Oops - typo. M2S and M4S are mislabeled. They should be M2D and M4D. This
has no effect on the result.

Best Regards,

Mike Monett

 

[Joerg]

I did a small simulation in LTspice. The SPICE model for the
FDD8424H is available from Fairchild, but it is for PSPice. I didn't
want to take the time to make a model for LTspice, so I used IRF530
and IRF7204 for complimentary MOSFETs. I adjusted the rise and fall
time of the gate drive to give about 50ns cross-conduction.

I increased the series inductor between the MOSFETs to 3uH and used
a 47 ohm damping resistor.

The switching losses end up heating the damping resistor, so the
integral of the power dissipated gives the total loss. For this
simulation, the result is 52.114mW.

If the power delivered to the load is 3 watts, using a series
inductor to minimize shoot-through adds 52.114e-3 / 3 = 1.73% to the
total power dissipation. This is a rather small amount for the
simplicity and reliability gained.

Any circuit changes to reduce the power loss in switching will
probably cost additional power, so the overall gain might be small
or negative.

That's just the thing. Whatever you do, in the end you just move the
dissipation from one part to another.

The conclusion is a small series inductor can be a viable option to
minimize shoot-through and reduce circuit complexity.

Yep, so I just did the usual, a concoction of Schmitts, resistors and
diodes. No more cross conduction

The LTSPICE ASC file is below, followed by the PLT file. The .tran
analysis string is set to 1uS to show the switching waveforms.
Increase it to 1ms to calculate the power in R2.
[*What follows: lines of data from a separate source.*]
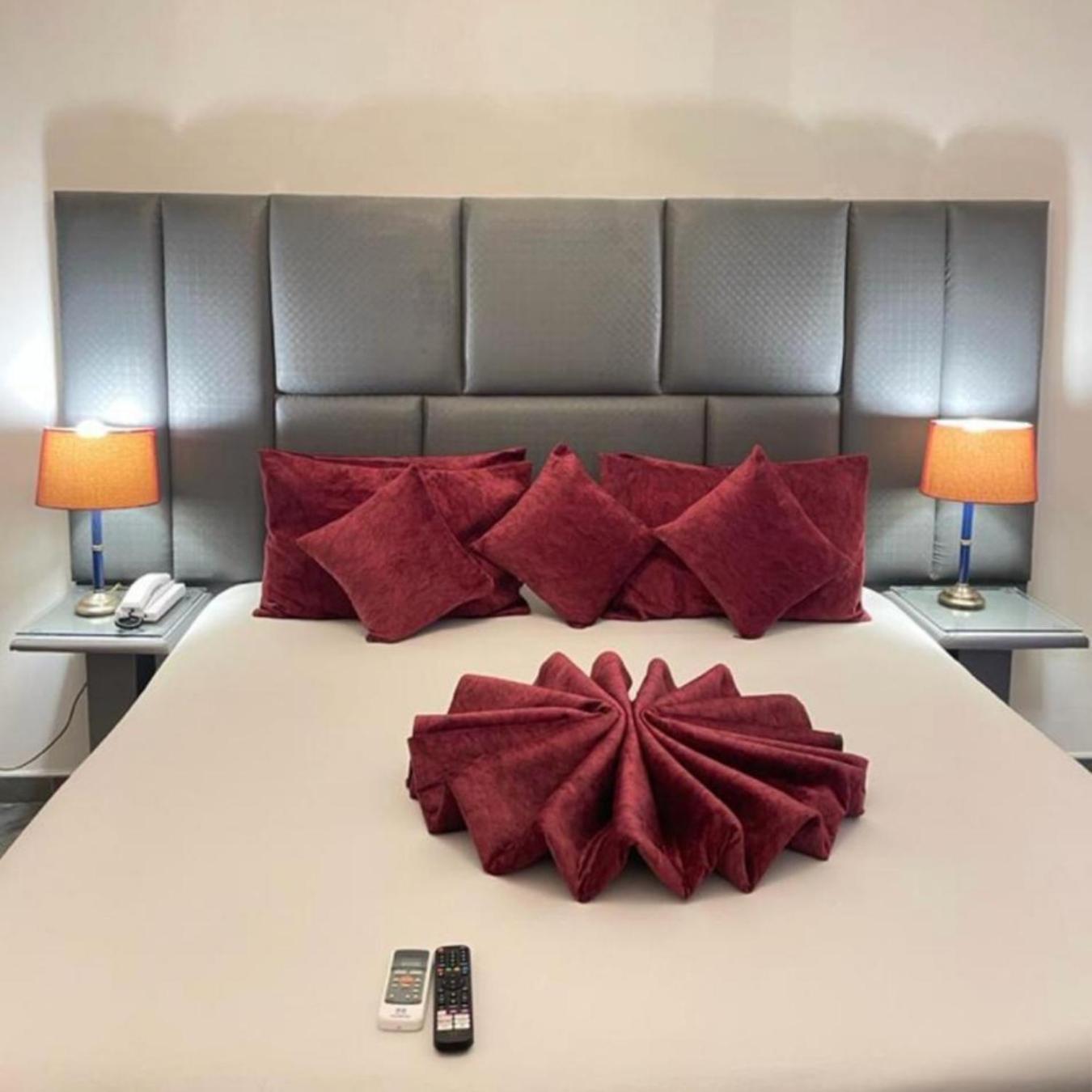 Perriman Hotel Kokrobite Kültér fotó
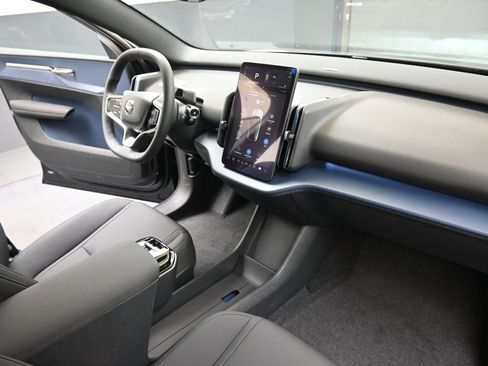 New 2026 Volvo EX30 Ultra image 12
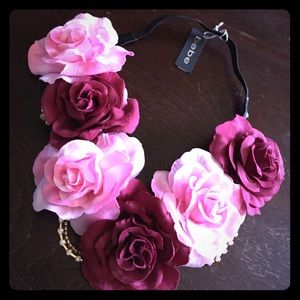 Elastic flower crown headband w original packaging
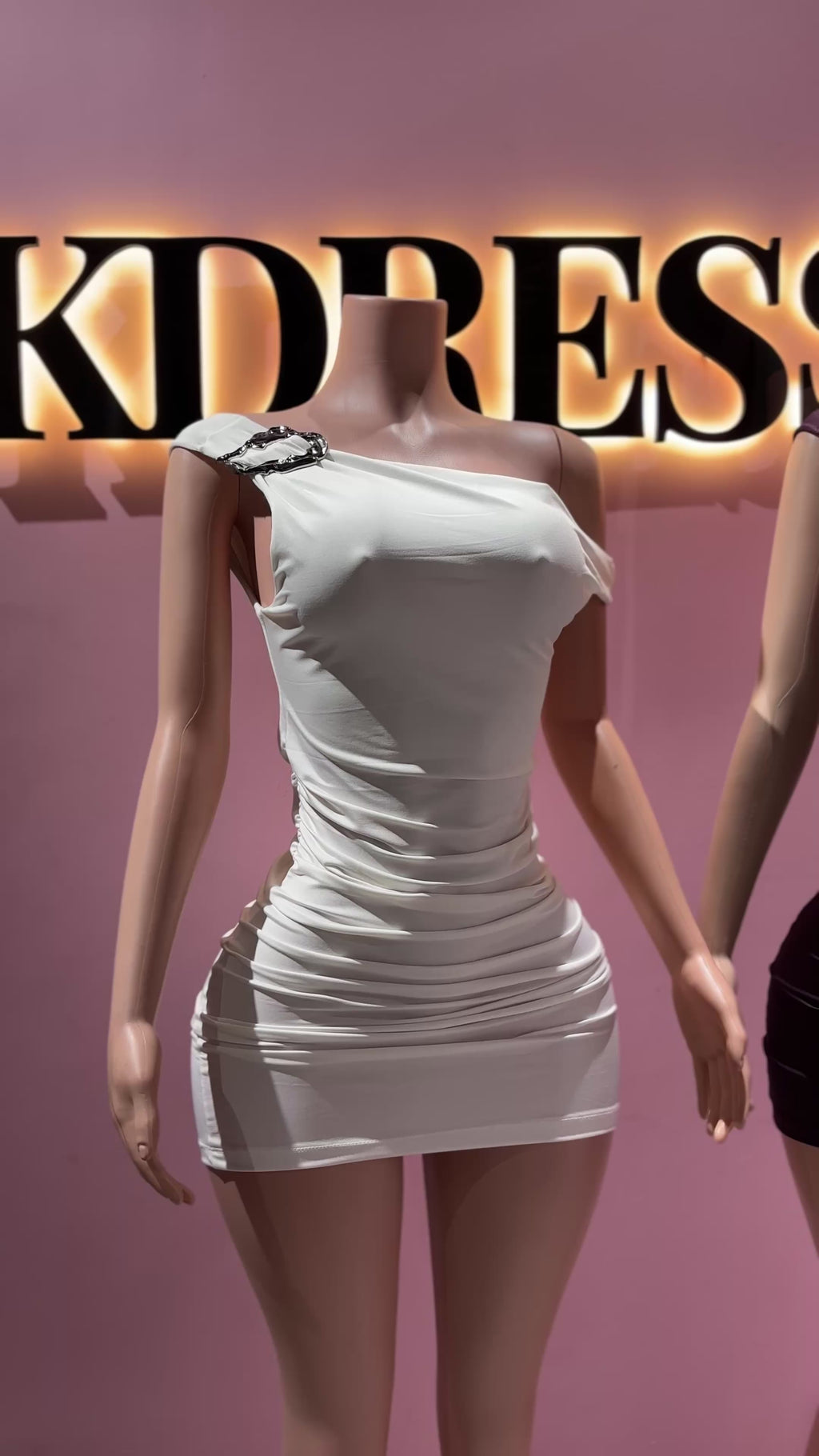 Vestido hombro hebilla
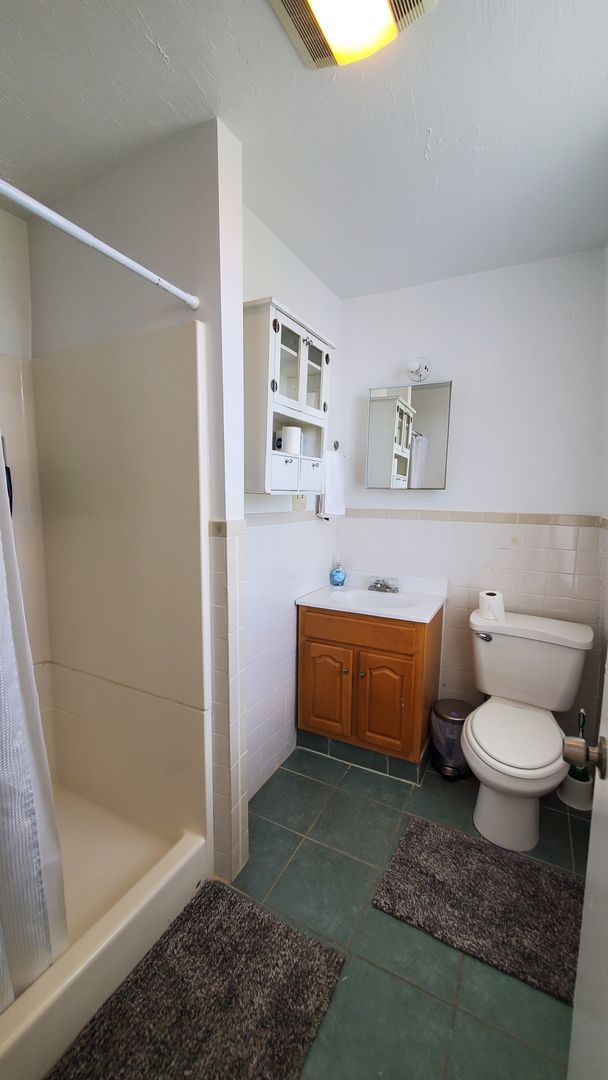 Foto del edificio - 2 Bedroom (no fee!) - furnished - in Allston available NOW (or 10/1)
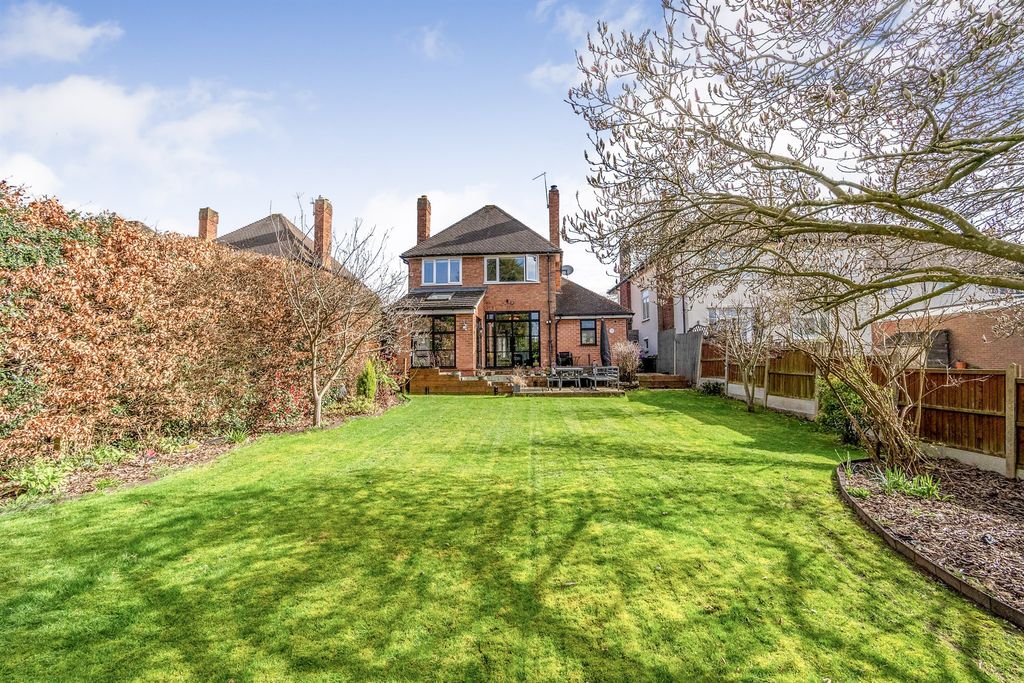 Property photo 2 of 20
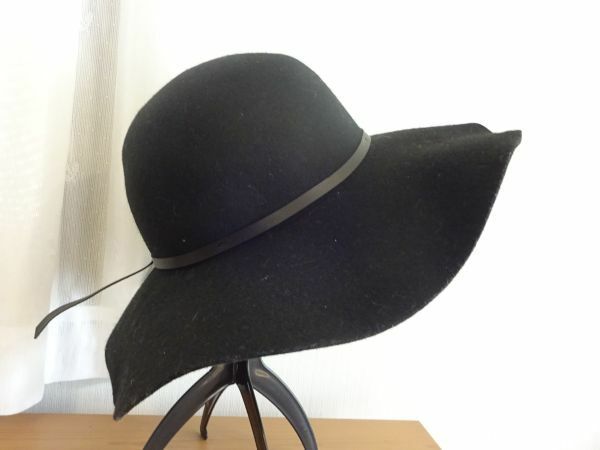 ... OLD NAVY ... レディース・婦人用　黒色帽さひ　サイズ５６cm〜５８cm　キャップ　帽子　スタイルハット　ウール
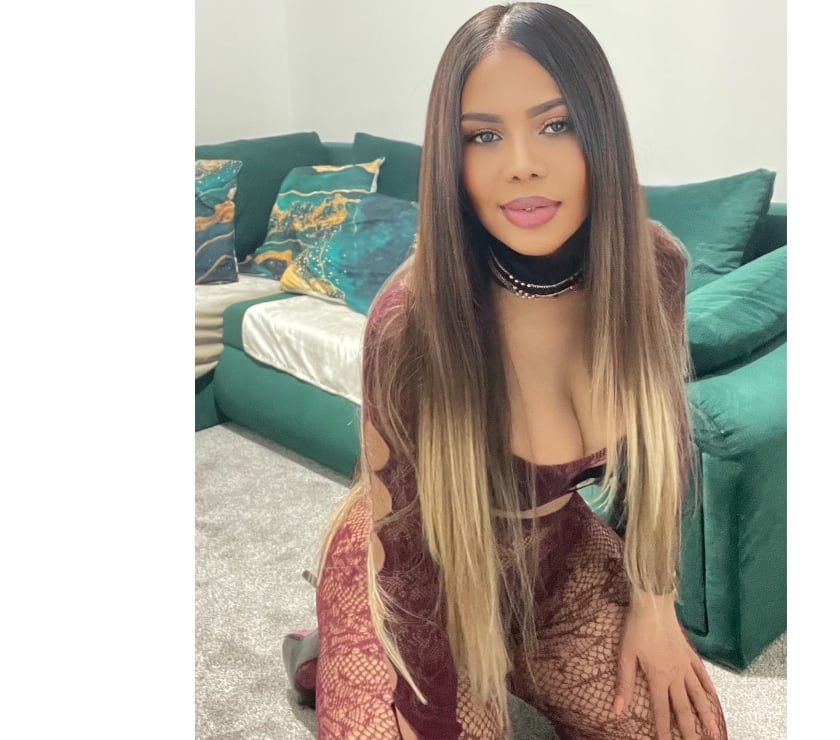 Escorts and Massages Dudley Town Centre Dudley - Photos for Camila Stunning Girl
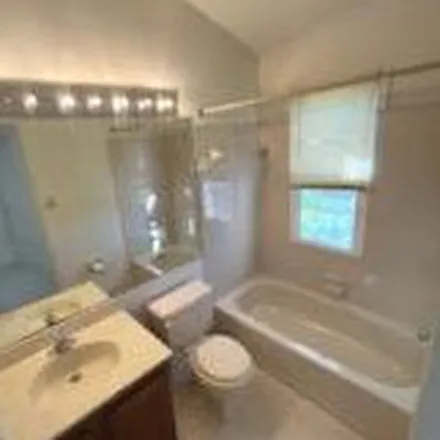 Image 2 - 3849 Waythorn Place, Chantilly, VA 22033, USA - Apartment for rent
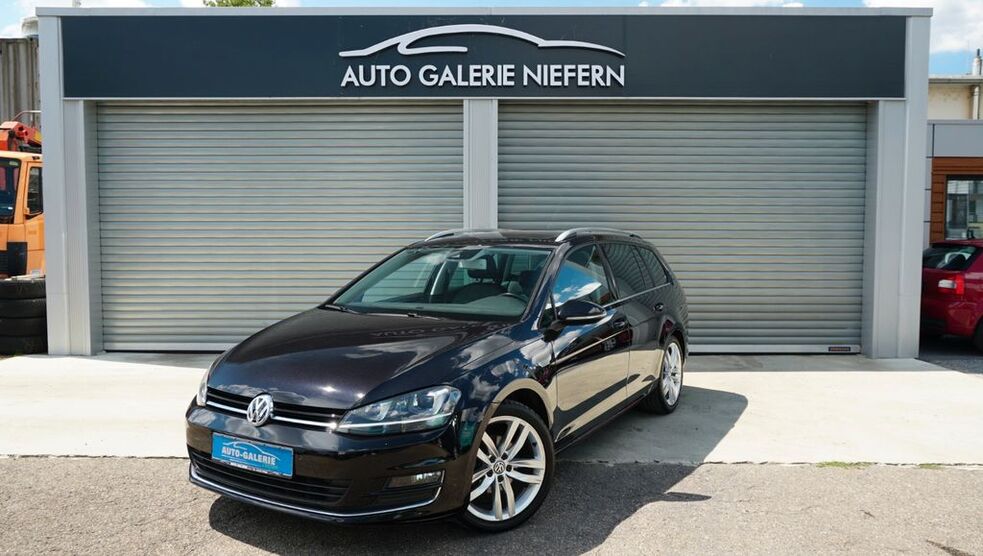VW Golf 142.900 km 14.990 € Niefern- Öschelbron 75223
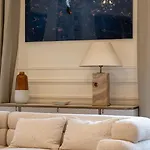 Lejlighed Avenue Montaigne - Champs Elysees *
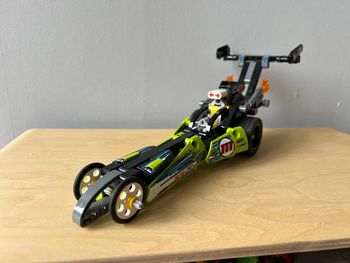 Lego technique voiture a friction draguer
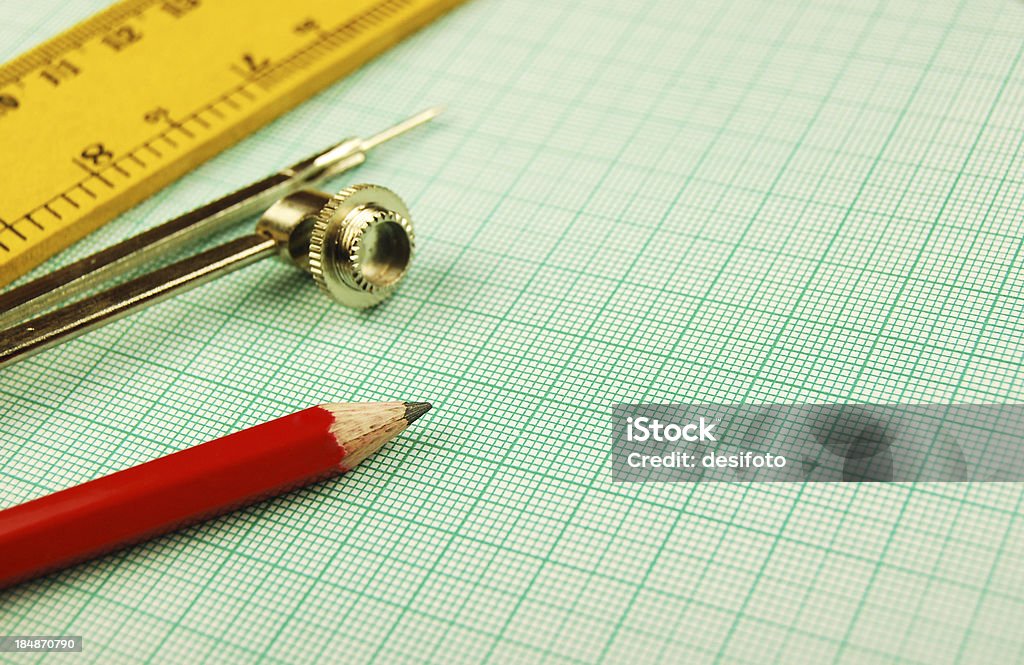 En pliant et un crayon sur papier millimétré - Photo de Papier millimétré libre de droits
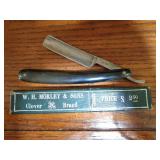 STRAIGHT RAZOR WITH BOX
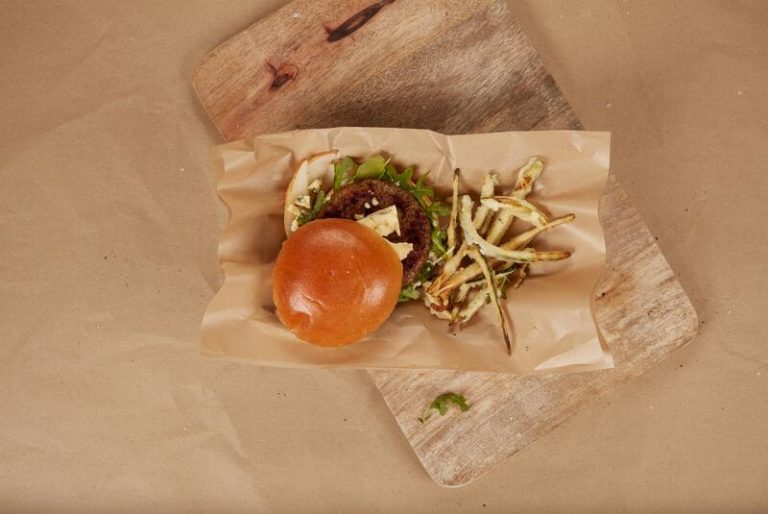 Un 46,5% de los españoles cree que la comida rápida está desplazando a la casera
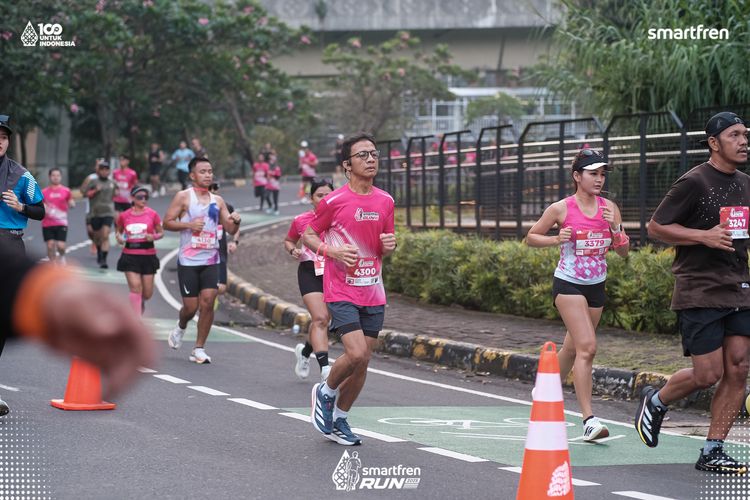 Race photo from Smartfren Run 2025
Thanks, Mike, but I am done with that part of the design now. I was just
hoping there was a push-pull driver with much less than 1ohm so I could
drive the transformer directly. Such drivers are usually
process-controlled so their internal cross conduction is minimized.
Something you can't do with tolerance-prone external parts where things
such as Vth stray a lot.